I thought for a moment, thinking of a way to explain why American TV shows didn’t have people prepare coffee the way I drank it, and then I said that they do that on TV shows to save time and reduce visual clutter: Having a character grab a pot of coffee and pour a cup takes less time and is less visually distracting than if they went through a ritual of adding sugar and milk. The fact is, however, that I had no idea whether I was right or not—it just popped into my head as a logical explanation based on my assumptions about how Americans prepared their coffee. The reality is, I was making assumptions about all Americans based on my own observations just as my co-worker had been.

We all do this, and accepting our observations or assumptions as fact is probably a universal human thing: We evolved to be able to make quick assessments of others—friend or foe? Ally or enemy?—in order to be able to survive. We kept that primitive behaviour even as civilisation advanced, and it has led not only to wars at the extreme end, but also common prejudice and bigotry (and everything in between).

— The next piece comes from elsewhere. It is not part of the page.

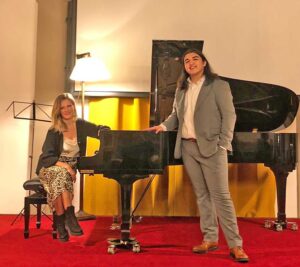 Bo Shimmin debut recital, Lycuem Club.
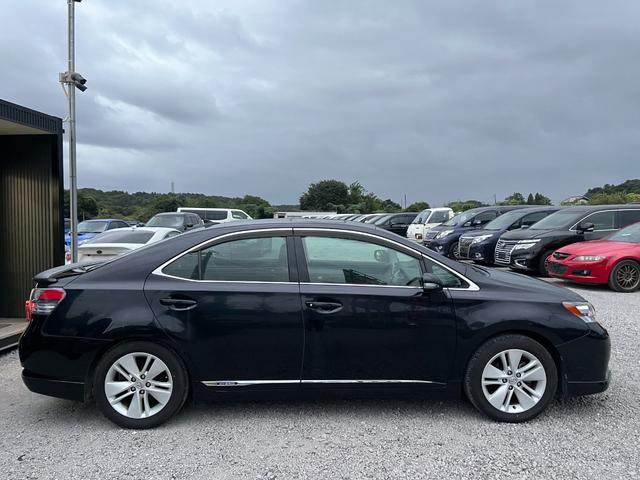 ＨＳ ＨＳ２５０ｈ　バージョンＩ　サンルーフ黒本革エアーシート純正ナビ地デジＢカメラＥＴＣ　アルミホイール　オートライト　ＨＩＤ　ＬＥＤヘッドランプ　ヘッドライトウォッシャー　サンルーフ　ＣＶＴ　シートヒーター　シートエアコン（15枚目）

It’s not easy to avoid making what I’d call Snap Assumptions about society around us or about foreign societies. We assume that because we do a certain thing, all others must, too. For example, I always put the open end of pillowcases facing outward, toward the sides of a bed, because that’s what my mother taught me to do. I assumed all people did that. Then I learned other people do it differently. I gently and neatly scrape margarine onto my knife. Then I learned that others dig and gouge it out.

It obviously doesn’t matter which way pillows face or how margarine is removed from the tub, but what about when we make assumptions that DO matter? For example, we constantly hear people declaring that gay couples can’t have a real marriage because they’re not of opposite genders, so, therefore, they can’t possibly love each other, not really. That’s as silly and stupid as assuming beds must be made, or margarine removed, a certain way because it’s the way we do it. The fact and reality here is simple: We cannot assume that we know or understand other people, what they think, what they feel or what’s in their hearts, based solely on ourselves or what we see on TV.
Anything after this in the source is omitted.